══ Information provided
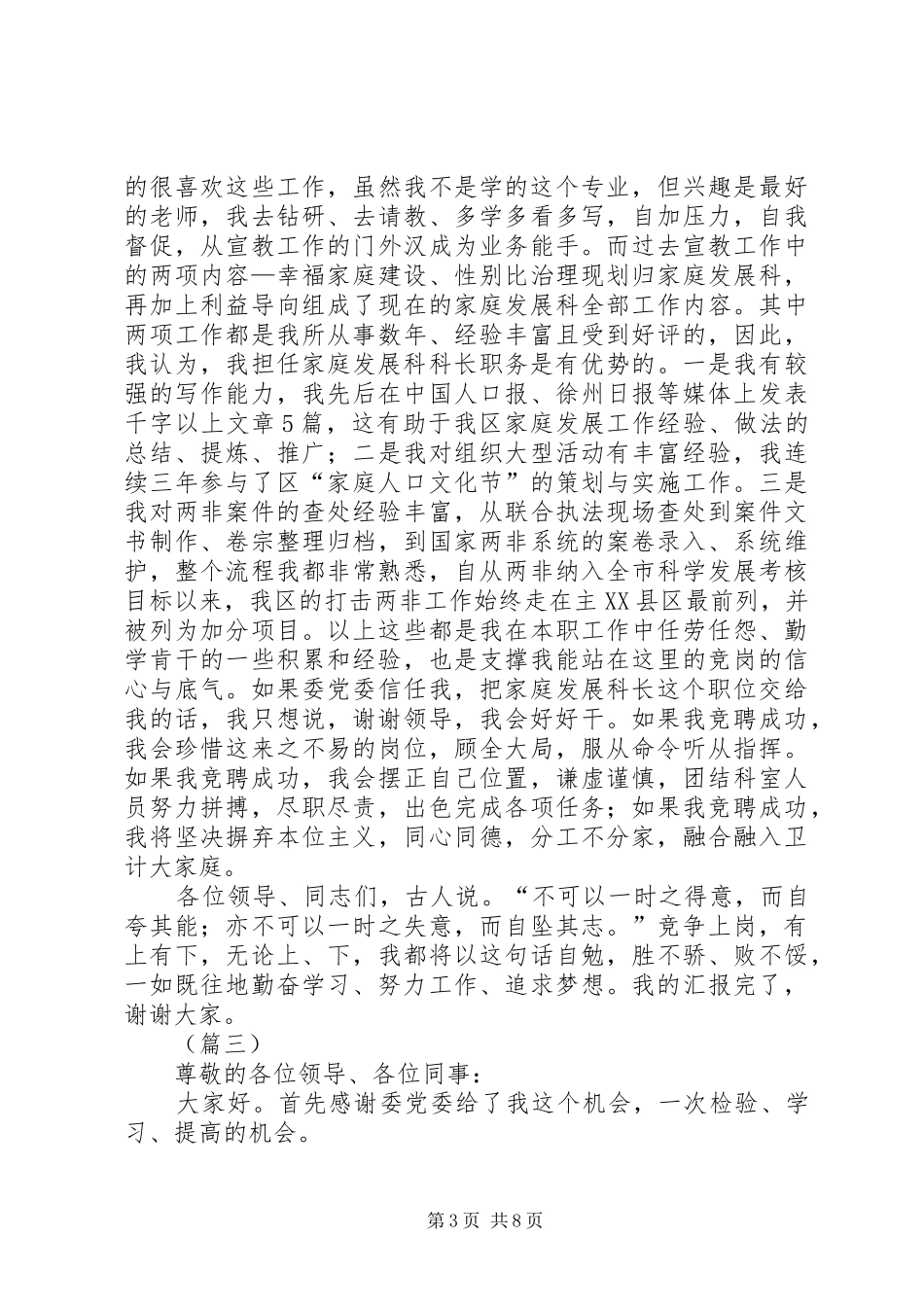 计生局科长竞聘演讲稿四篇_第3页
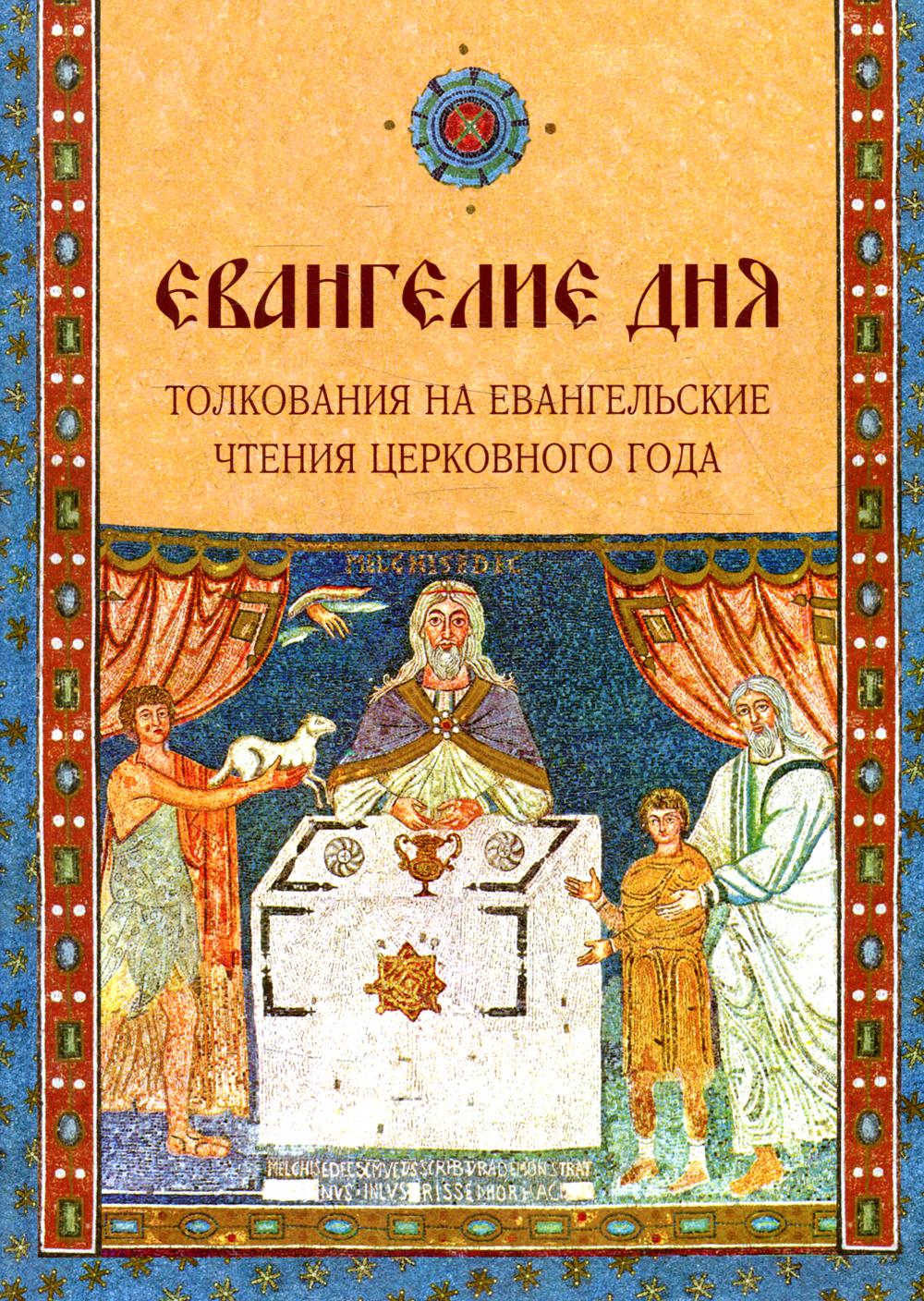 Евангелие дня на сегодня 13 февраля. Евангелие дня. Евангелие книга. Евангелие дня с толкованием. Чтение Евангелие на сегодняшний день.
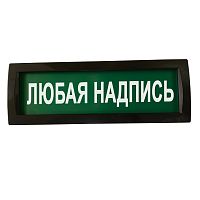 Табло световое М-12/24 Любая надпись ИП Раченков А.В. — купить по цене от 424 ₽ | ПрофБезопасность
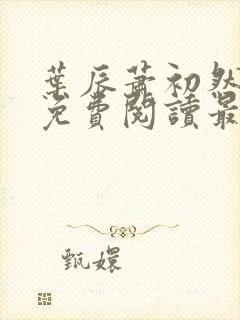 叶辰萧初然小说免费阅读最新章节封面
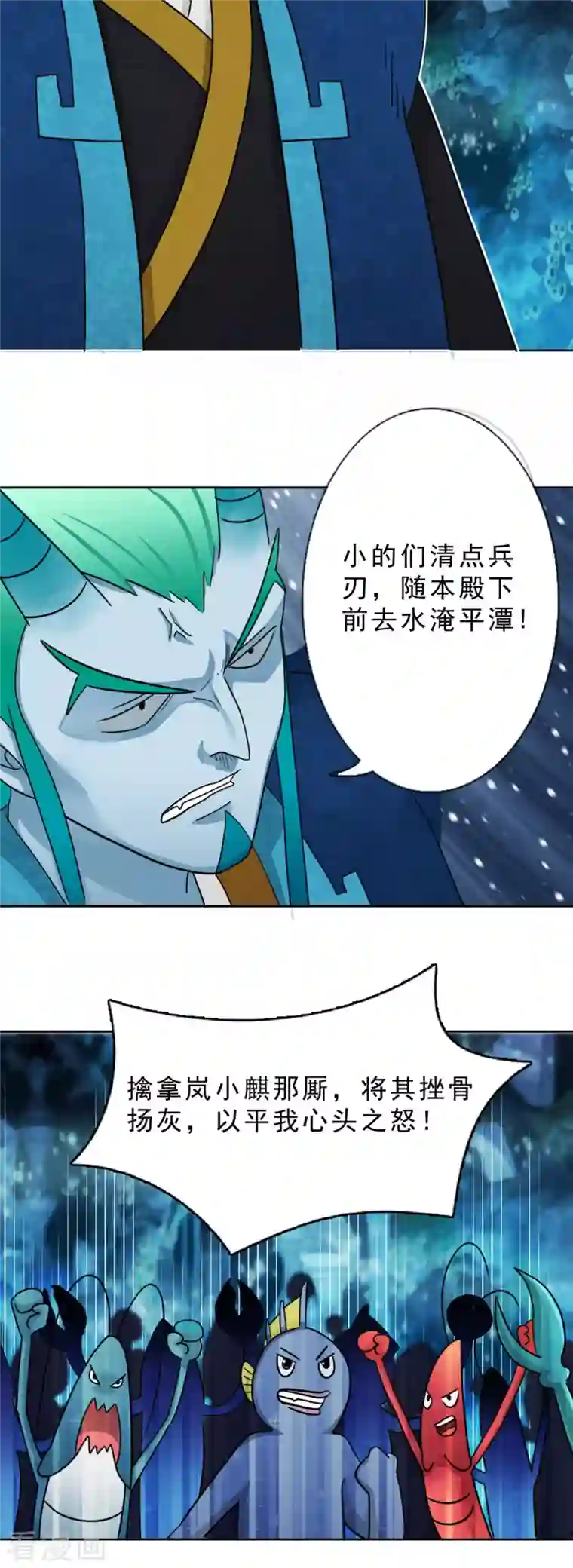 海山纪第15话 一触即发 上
════
══ Information provided
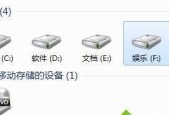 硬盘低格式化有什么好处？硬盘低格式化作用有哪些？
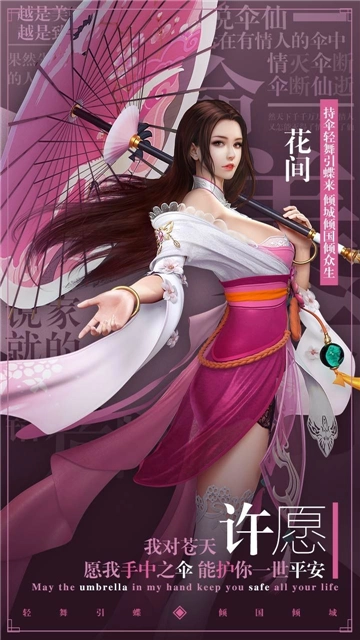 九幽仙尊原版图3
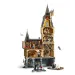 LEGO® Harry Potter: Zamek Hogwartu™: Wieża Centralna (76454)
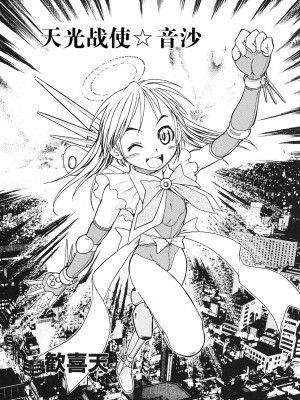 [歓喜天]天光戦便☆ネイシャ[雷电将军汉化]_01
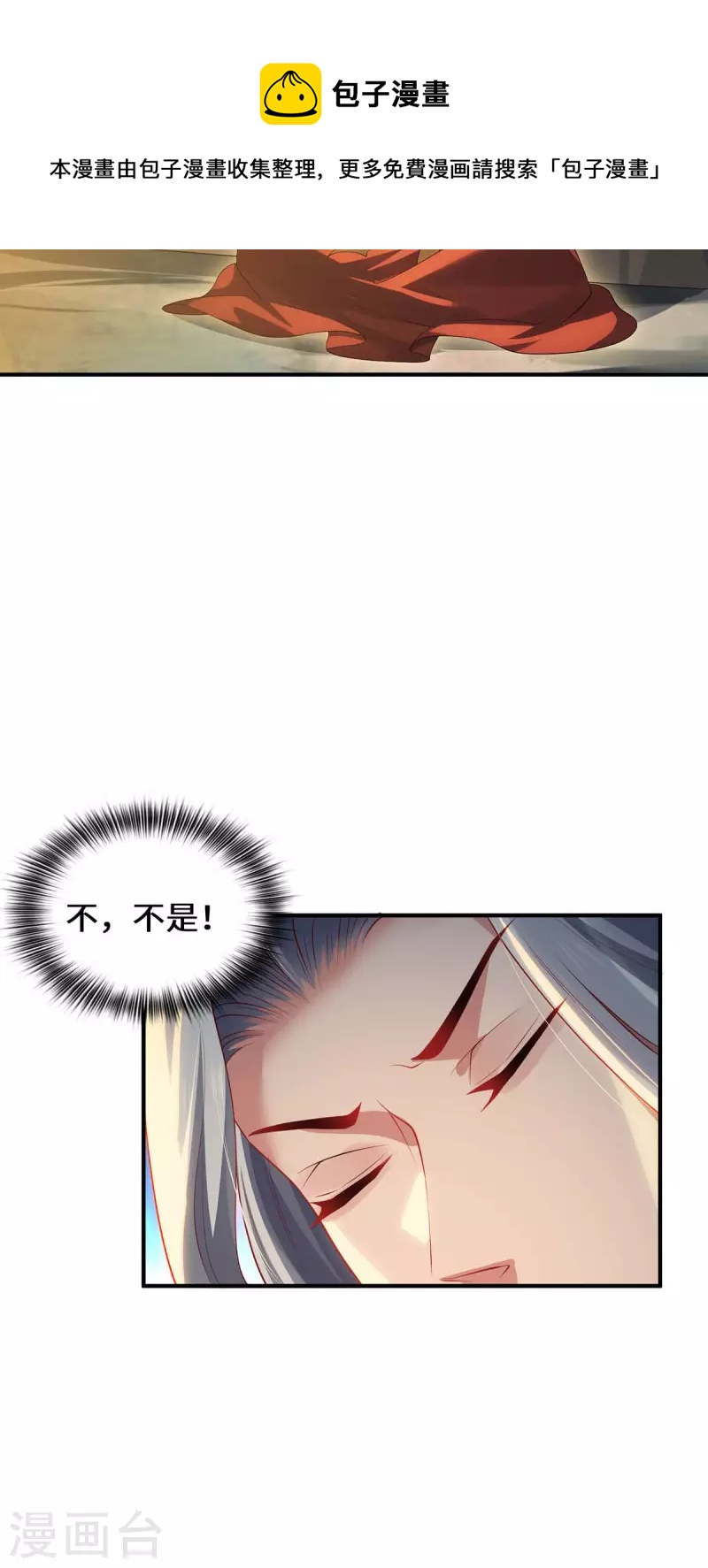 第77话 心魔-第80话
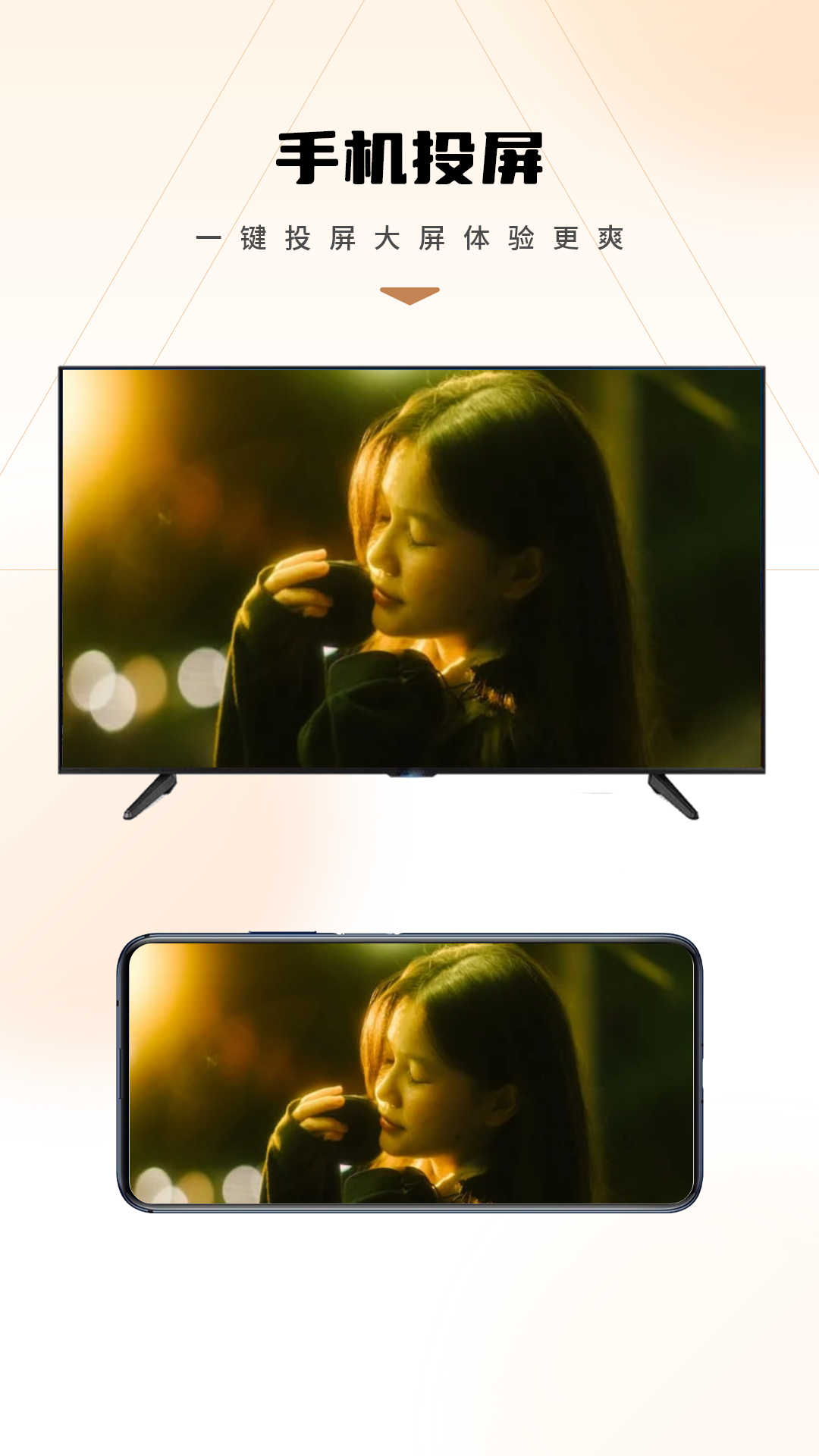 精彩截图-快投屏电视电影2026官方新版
════
══ Information provided
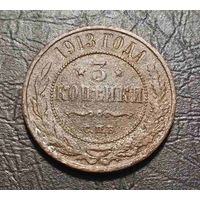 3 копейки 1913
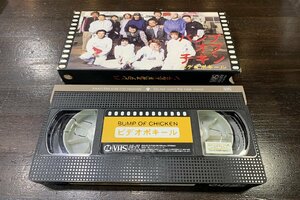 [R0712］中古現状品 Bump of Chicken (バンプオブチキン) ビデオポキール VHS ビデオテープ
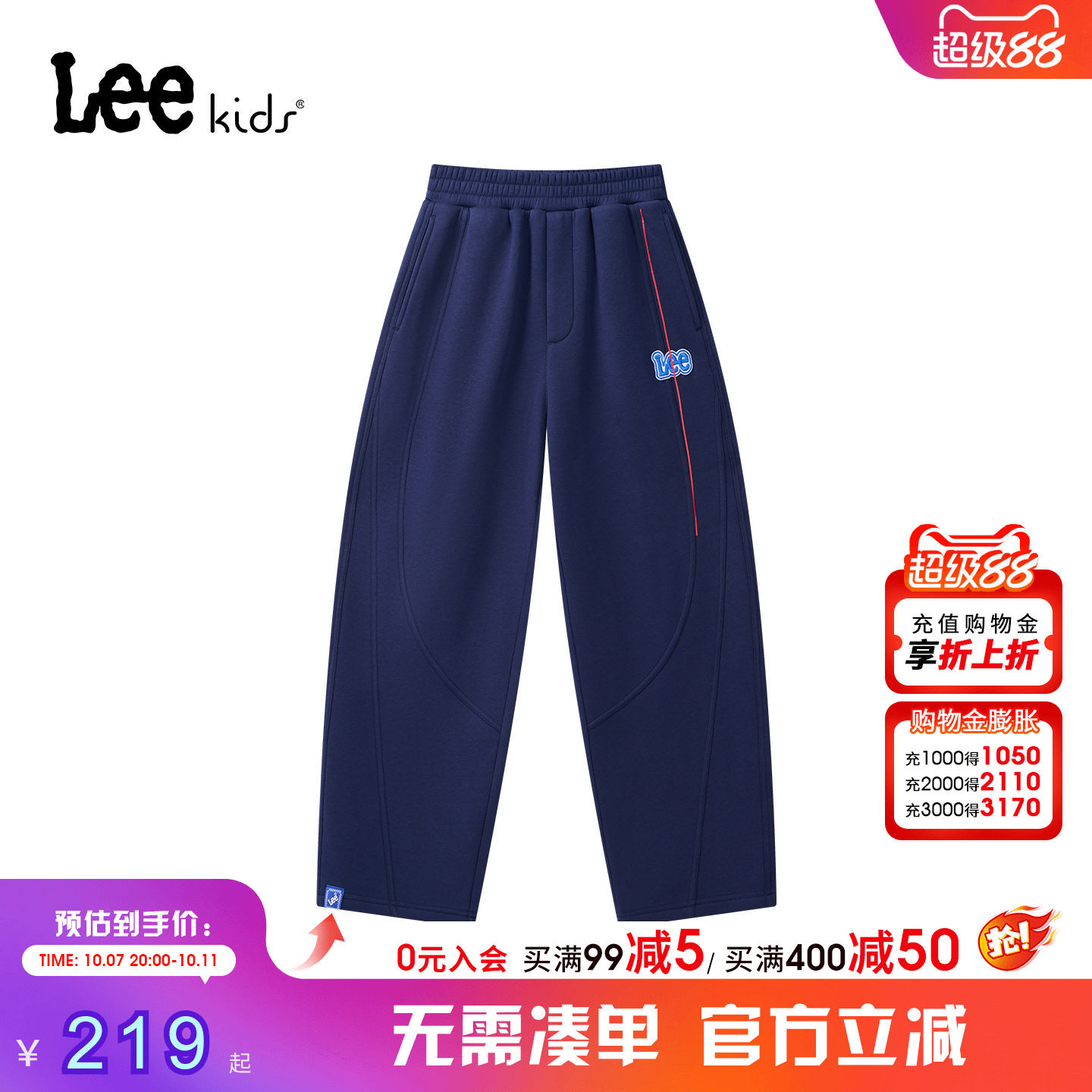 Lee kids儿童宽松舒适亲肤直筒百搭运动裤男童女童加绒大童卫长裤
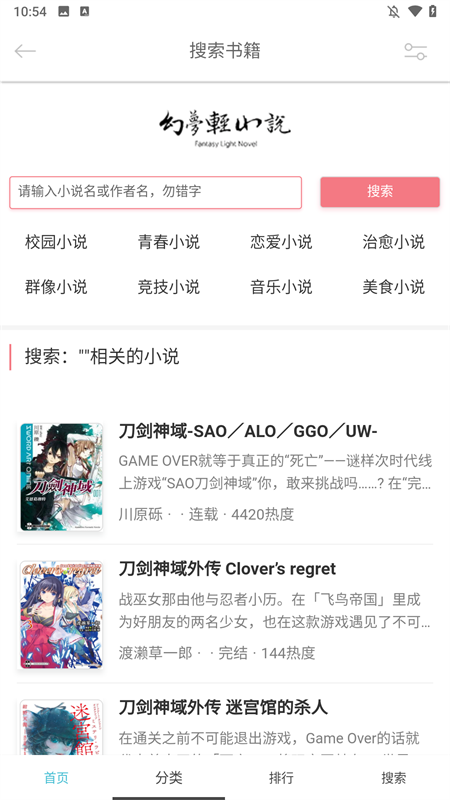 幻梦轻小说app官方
════
> Task goal
Copy the lines above exactly, starting at the one with "计生局科长竞聘演讲稿四篇_第3页" and ending at the one with "叶辰萧初然小说免费阅读最新章节封面", both included. Leave out any pictures and add nothing else.

> Reply to the task
 计生局科长竞聘演讲稿四篇_第3页
 Евангелие дня на сегодня 13 февраля. Евангелие дня. Евангелие книга. Евангелие дня с толкованием. Чтение Евангелие на сегодняшний день.
 Табло световое М-12/24 Любая надпись ИП Раченков А.В. — купить по цене от 424 ₽ | ПрофБезопасность
 叶辰萧初然小说免费阅读最新章节封面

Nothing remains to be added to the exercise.